I was briefly shown the networking setup for a rural hospital campus. Some of the things I was told or shown are:
- There is an 802.11b signal, broadcast over an omnidirectional antenna on a tower. This network is password-protected. 802.11b was chosen for the sake of longer range, even though its bandwidth is not as great as 802.11g, because the ISP bandwidth isn't huge anyway.
- One individual building I was shown has a directional antenna, pointed at the previously mentioned omnidirectional one. Its coaxial cable is run through a device called the Ubiquiti Bullet.
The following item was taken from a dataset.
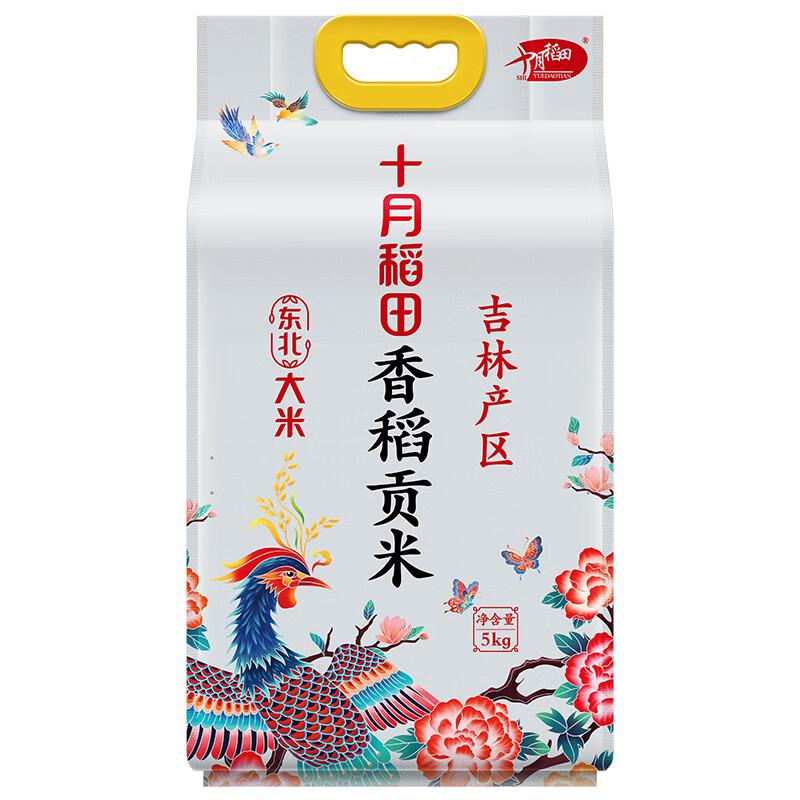 十月稻田 香稻贡米 东北大米 5kg 香米 粳米 十斤（单位：袋）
- Out of the Bullet comes an Ethernet cable, which goes to a consumer-grade router, which (at least in this case) has an open in-building WiFi network.
This kind of networking is way beyond my experience level, such that I don't even know the terminology. I'm curious, though.
- What is the Bullet - what is the name for this type of device?
- I see from its specs that it has a processor and memory. Is it able to join the wide-area encrypted WiFi network and pass an unencrypted connection to the consumer-grade router?
- Why might this kind of setup be chosen? Is it that a laptop WiFi card can't produce a strong enough WiFi signal to join the campus-wide network?
Basically I'm just trying to understand how this setup works and what the pieces do.
Thanks to anyone who will humor the naive questions of a programmer who lacks networking chops.